Narrowline Laser Cooling and Spectroscopy of Molecules via Stark States
Kameron Mehling, Justin J. Burau, Logan E. Hillberry, Mengjie Chen, Parul Aggarwal, Lan Cheng, Jun Ye, Simon Scheidegger
TL;DR
This work demonstrates how the metastable A′^2Δ electronic state in YO can be Stark-polarized with modest electric fields to isolate pure-parity, field-insensitive transitions, enabling quasi-closed photon cycling in a diatomic molecule. Using high-resolution Stark spectroscopy, the authors determine absolute transition frequencies with a fractional uncertainty of 9×10^-12 and constrain the ΔΛ-doublet splitting to below 7 kHz, establishing a robust footing for narrowline cooling. They achieve the first narrowline laser cooling of a molecule, cooling YO in two dimensions by 0.73 μK using an all-narrowline scheme that minimizes repump-induced heating and suggests scalable paths to recoil-limit cooling in optical lattices or tweezers. The study also lays out a roadmap for extending these techniques to the longer-lived A′^2Δ5/2 state, which could enable low-field dipolar quantum simulation and enhanced sensitivity to fundamental symmetry tests, including nuclear Schiff moments in heavy MO molecules such as AcO. Overall, the approach broadens molecular laser cooling beyond traditional strong transitions and opens opportunities for precision measurements and quantum simulations with MO molecules.
Abstract
The electronic energy level structure of yttrium monoxide (YO) provides a long-lived, low-lying $^{2}Δ$ state ideal for high-precision molecular spectroscopy, narrowline laser cooling at the single photon-recoil limit, and studying dipolar physics with unprecedented interaction strength. High-resolution laser spectroscopy of ultracold laser-cooled YO molecules is used to study the Stark effect in the A$^{\prime}\,^{2}Δ_{3/2}\,J=3/2$ state.
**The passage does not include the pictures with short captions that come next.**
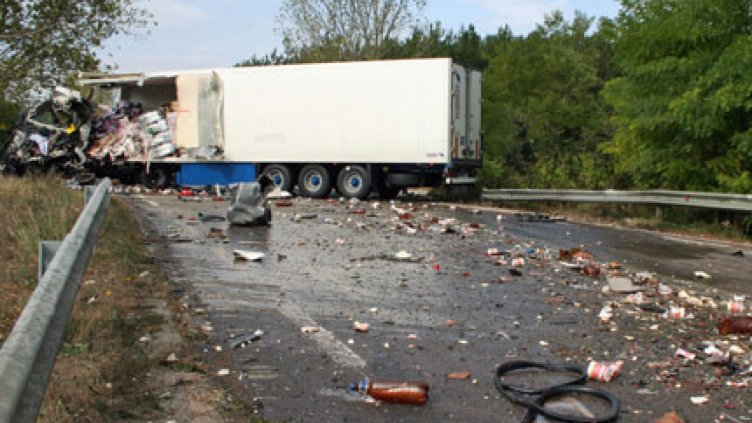 Трима души, сред които и дете, пострадаха при катастрофа между ТИР и каруца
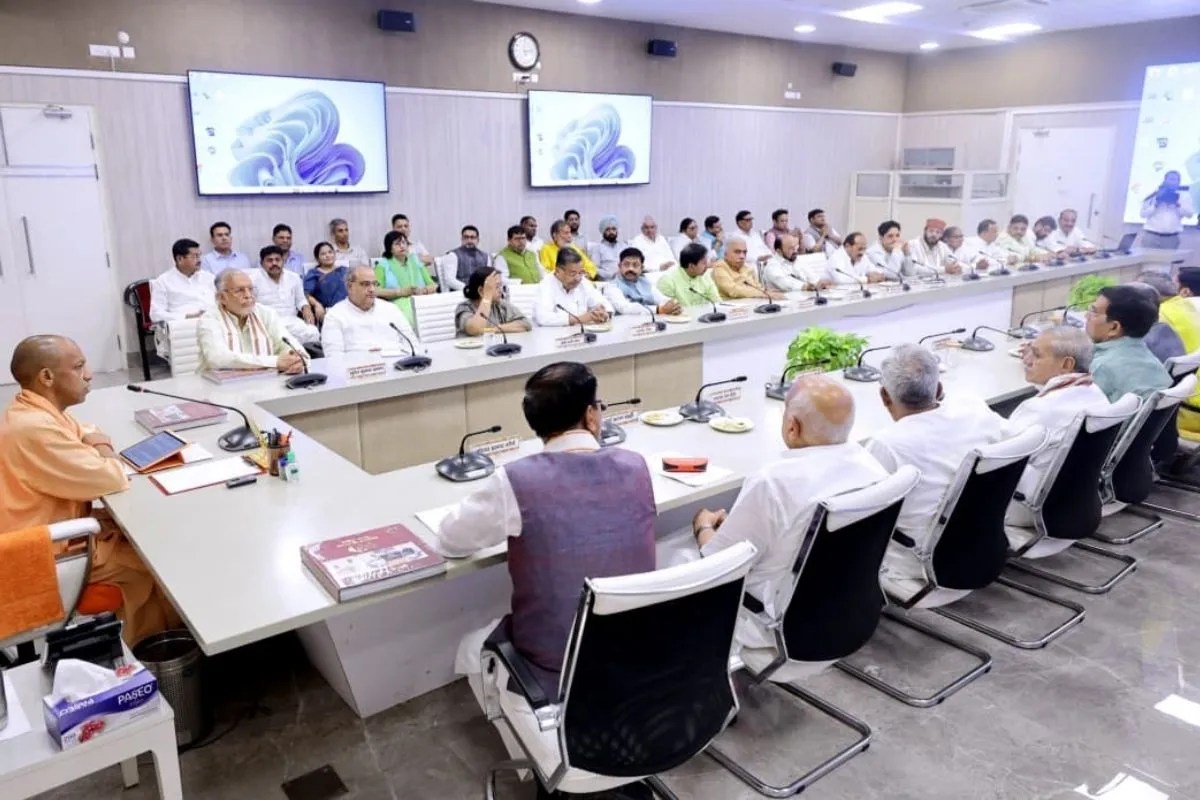CM Yogi Adityanath cabinet meeting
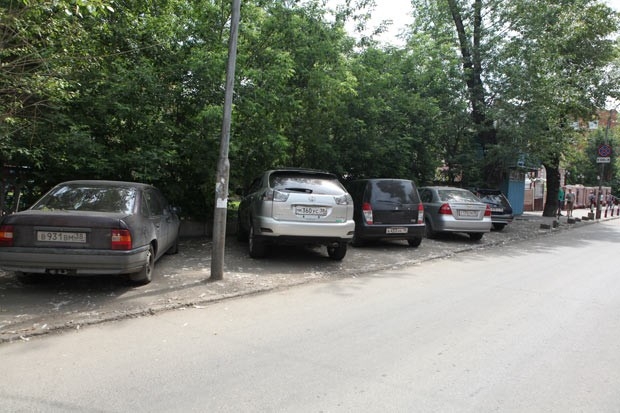 Штраф за остановку или стоянку на пешеходном переходе (и на расстоянии 5 м от него), на тротуаре (если она не разрешена соответствующим дорожным знаком) поднялся с 300 до 1000 рублей. 
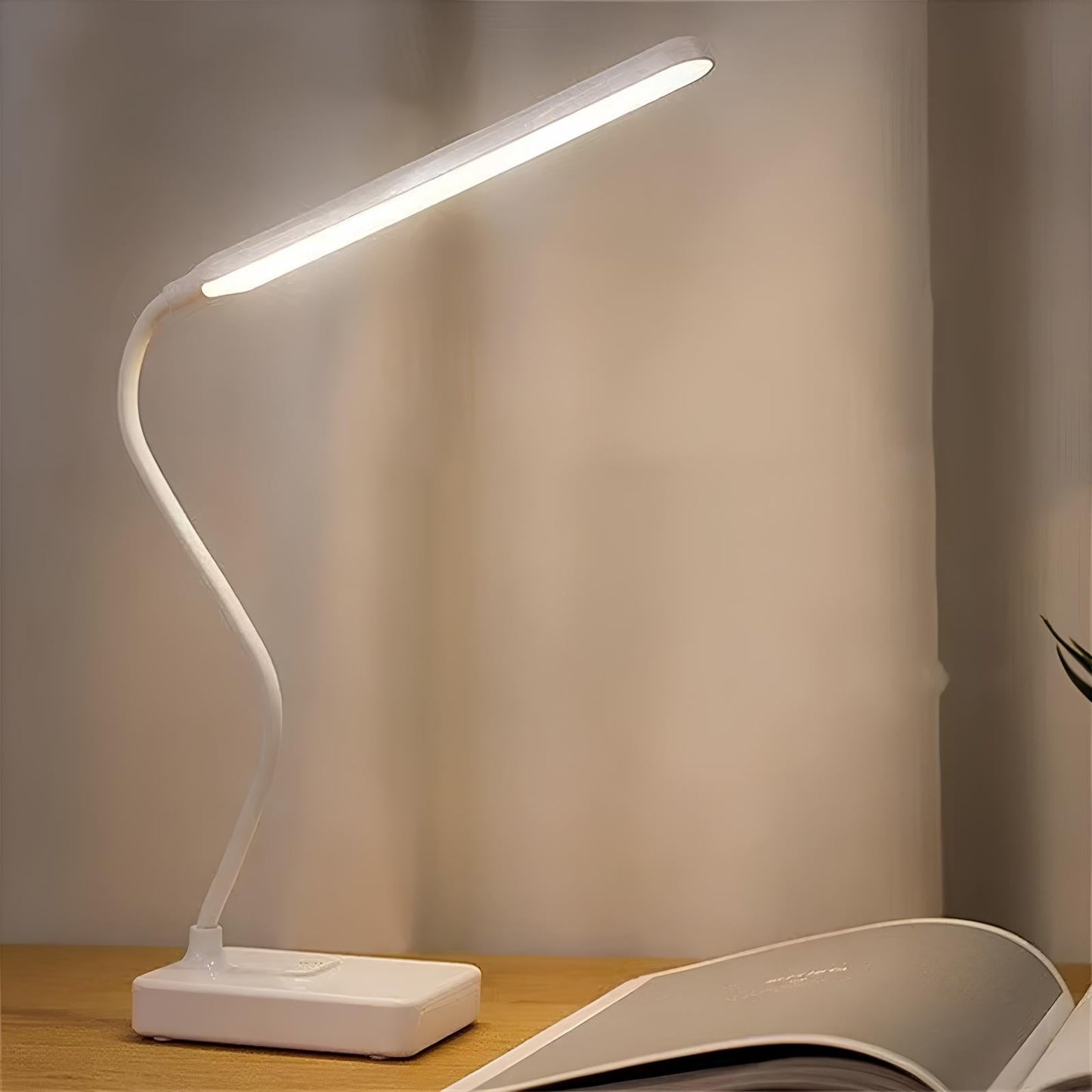 Skorter | LumoFlex Adjustable Desk Lamp – Rechargeable or Plug-In with Flexible Neck & Dimmable Light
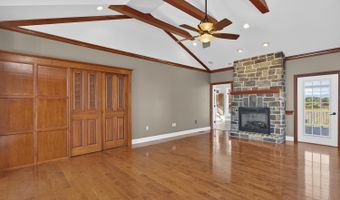 625 NW Locust St, Abingdon, VA 24210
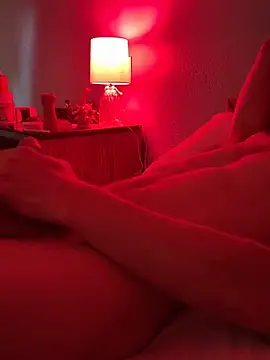 Snapshot of cloudyplay661 chatting on 02/22/26, 04:05 cloudyplay661 online show from 02/22/26, 04:05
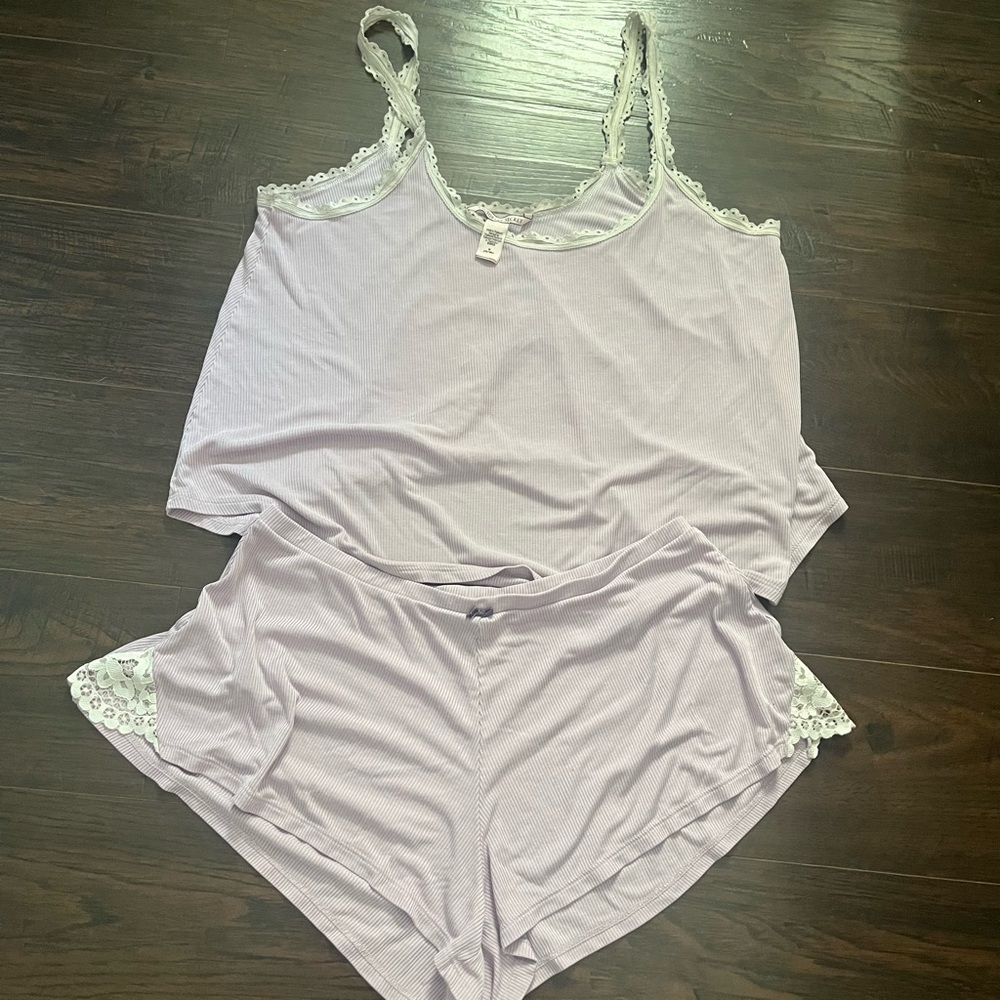 Victoria’s Secret Lace Trim Pajama Set - Light Purple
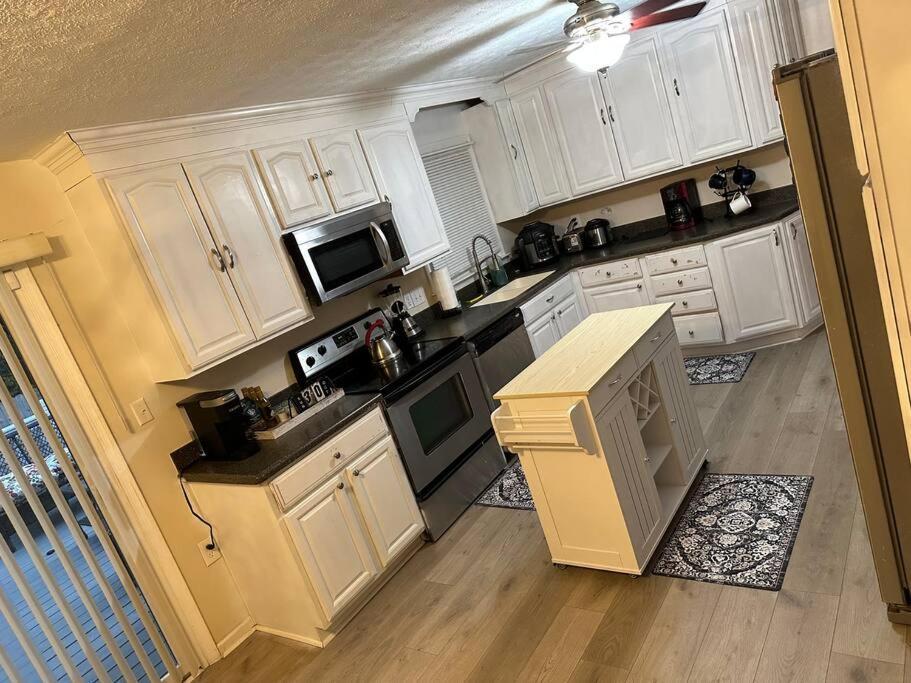 Cheerful 3-Bedroom 3Bath With Fire Pit And Patio Hampton Exterior photo
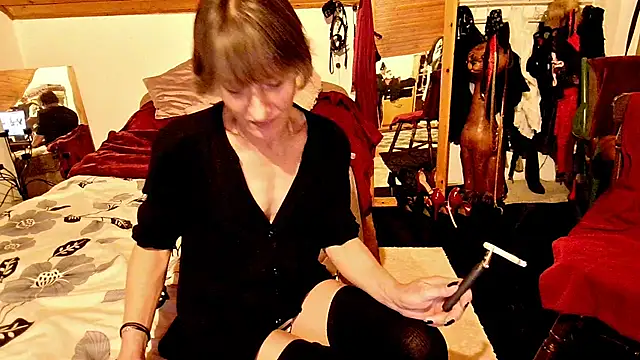 Hot Colettte online show from March 17, 8:45 pm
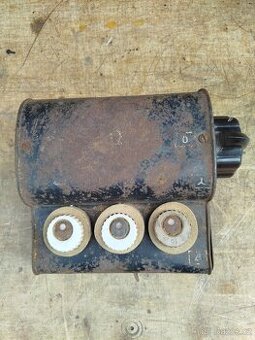 Starý vypínač elektromotor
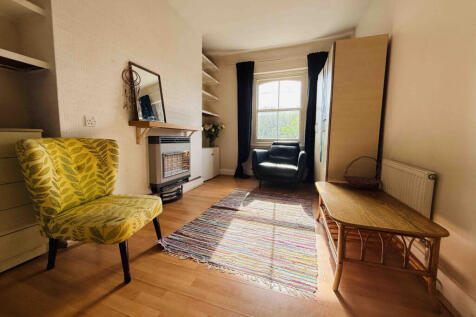1 BEDROOM FLAT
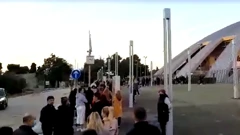Stotine Zadrana čekaju u redu za cijepljenje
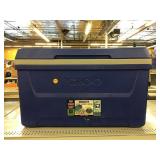 Igloo rolling cooler. Needs cleaning. Igloo rolling cooler. Needs cleaning.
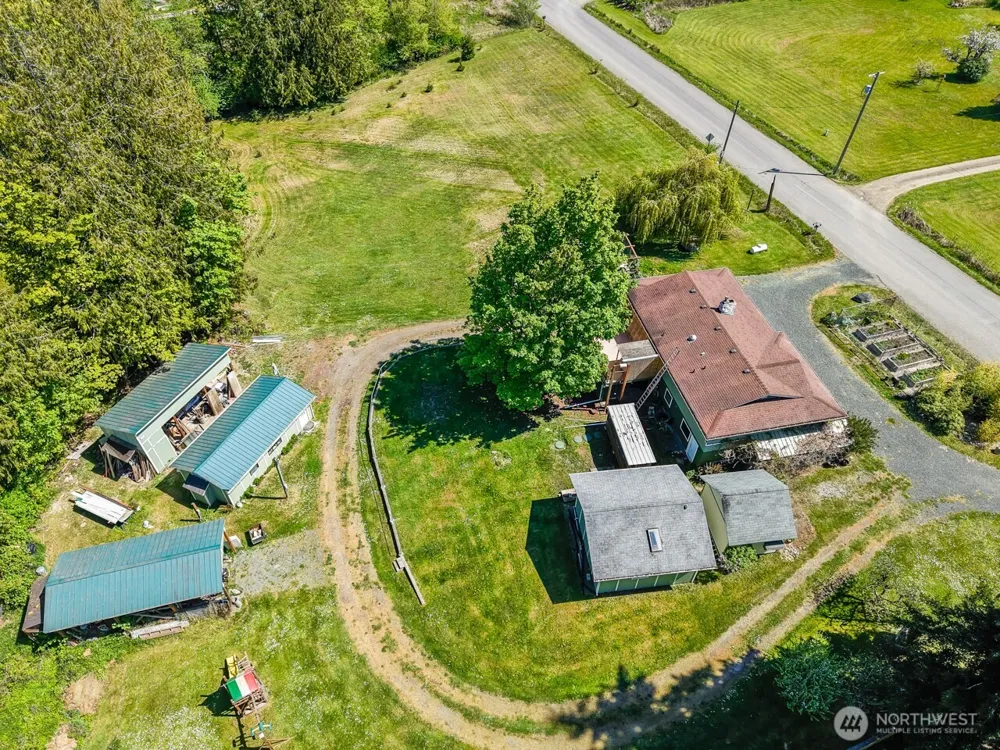 63 E Arnette Road Port Angeles, WA 98362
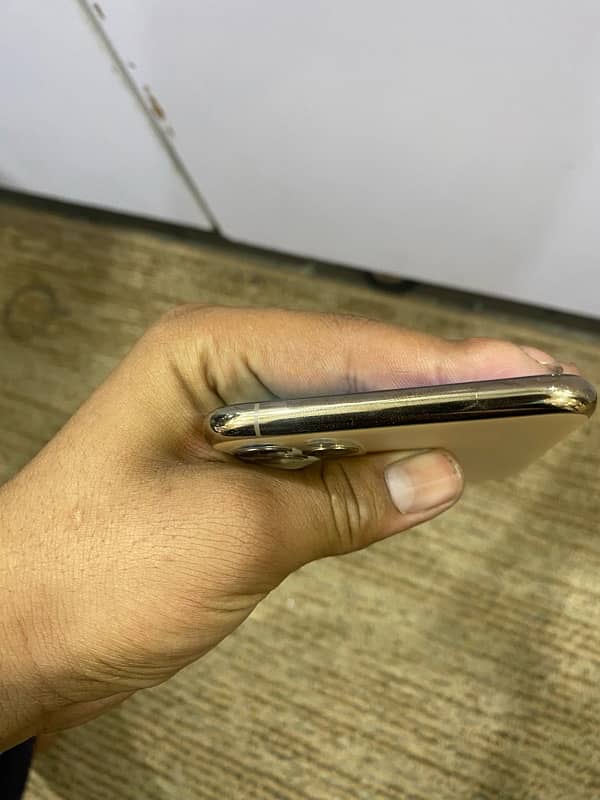 iphone 11 pro max jv no pta 256gb water pack 10/10 2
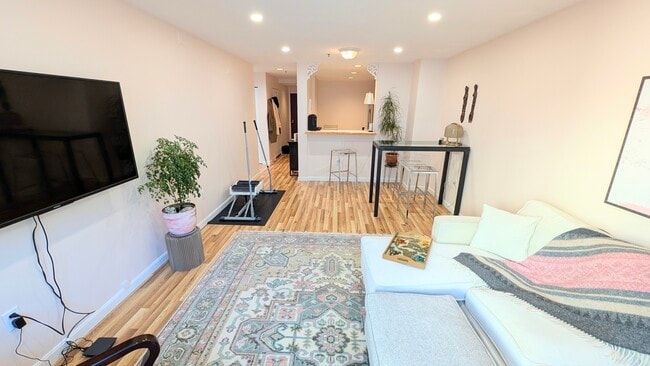 Photo - 350 Revere Beach Blvd Unidad 2-2U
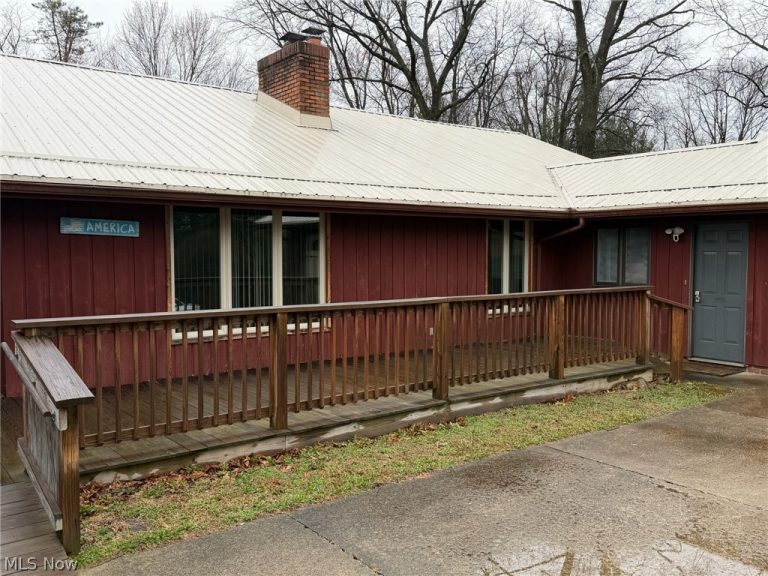 144 1st Street, Minerva, OH - Photo 2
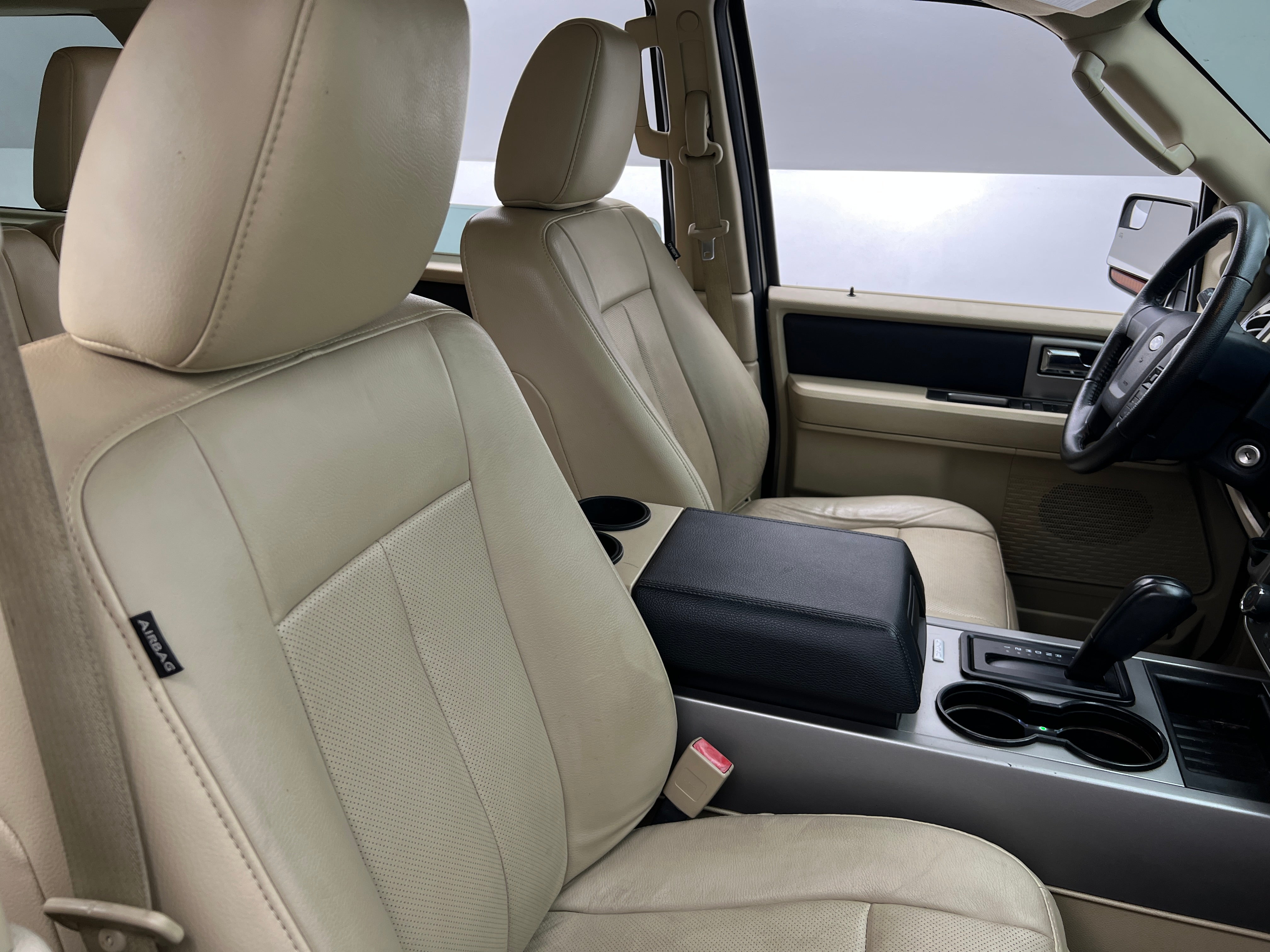2017 Ford Expedition EL XLT 2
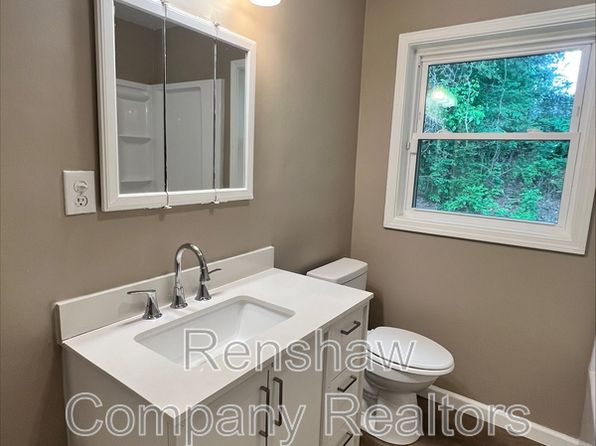 1833 Ayers St, Dyersburg, TN 38024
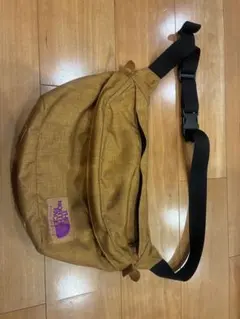 THE NORTH FACE ボディバッグ ブラウン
An immediate onset of the linear Stark effect is observed in the presence of weak applied electric fields due to the near degenerate $Λ$-doublet and the large electric dipole moment. By applying a small electric field the Stark insensitive state is spectroscopically isolated and the absolute transition frequency to the X$\,^2Σ^+$ electronic ground state is determined with a fractional frequency uncertainty of 9 $\times$ 10$^{-12}$. This electric field control is necessary to implement a quasi-closed photon cycling scheme that preserves parity. With this scheme the first narrowline laser cooling of a molecules is demonstrated, reducing the temperature of sub-Doppler cooled YO in two dimensions.